Los agentes de El Ejido estaban ya trabajando con los investigadores de la Unidad de Delincuencia Especializada y Violenta (UDEV) de la Comisaría de Fuengirola (Málaga), que rápidamente obtuvieron informaciones que apuntaban a que la víctima podía estar retenida en el citado complejo residencial. Esta “presión policial” empujó a los presuntos captores a liberar al secuestrado “a las 16:30 del mismo día de su detención ilegal”, aunque antes le dieron una serie de instrucciones para intentar eludir los calabozos.

Un relato rocambolesco

El chico se presentó —con evidentes lesiones en distintas partes de su cuerpo— en las dependencias policiales fuengiroleñas, donde desde un principio repitió como un papagayo el guion que supuestamente le habían escrito. Ante la incredulidad de los responsables del caso, contó que se había ido por voluntad propia para correrse una juerga con sus ‘amigos’, pero que no quería que su novia se enterara para que no le echara la bronca. Insistió en esta versión. Una y otra vez. Pero finalmente los agentes lograron que relatase las 14 horas de calvario que había vivido y confirmó el relato de su pareja y testigos presenciales.

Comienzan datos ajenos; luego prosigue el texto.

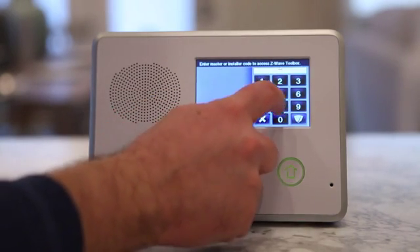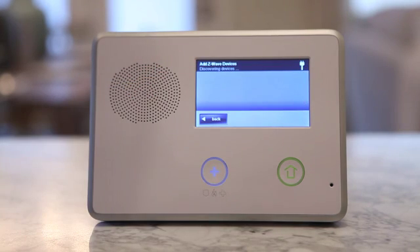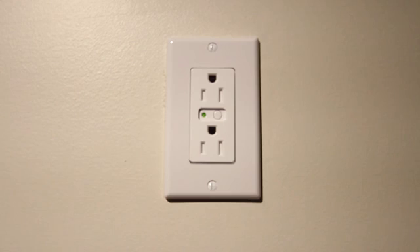From the Z-Wave Toolbox screen, press the Add Devices button. The Go Control panel will display Discovering Devices and wait for a signal from a device.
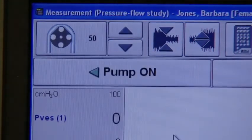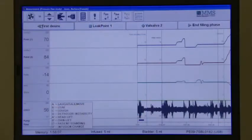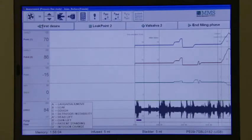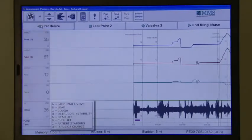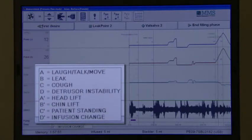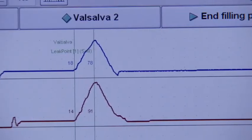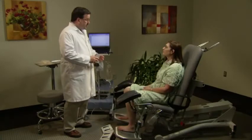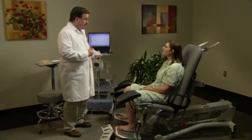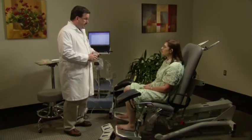During the filling phase of the pressure flow study, the wireless remote enables the clinician to complete the entire study without going to the computer. Not only can pump speed and EMG be controlled by the remote, but up to eight customizable event markers, as well as Valsalva leak point pressure, can be recorded using the remote, giving the user complete control. The nurse turns on the pump and begins filling the bladder, asking the patient to report her first sensation.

Foto: Imagen del hachís incautado en Madrid por la Guardia Civil. (EFE)

Los policías trazaron todo el operativo y al día siguiente detenían a los presuntos implicados en los dos raptos. El padre y el hijo fueron atrapados en la vivienda de la urbanización Calypso, donde también se encontraba la esposa y madre de ambos, que fue imputada.

Durante los registros realizados se hallaron varias pastillas de hachís, dinero y una prueba básica: el teléfono móvil de la víctima principal. Los agentes también recuperaron el 4x4 en el que supuestamente se trasladó al joven y comprobaron que había sido ‘caleteado’ para transportar droga en compartimentos ocultos.

Los cuatro detenidos, con edades comprendidas entre los 20 y los 42 años, pasaron el miércoles 26 de mayo a disposición del Juzgado de Instrucción número 1 de Fuengirola, acusados de un delito de detención ilegal. La autoridad judicial ordenó el ingreso en prisión del principal implicado en un caso que los investigadores consideran que tuvo “una motivación meramente económica”, señaló el comunicado policial.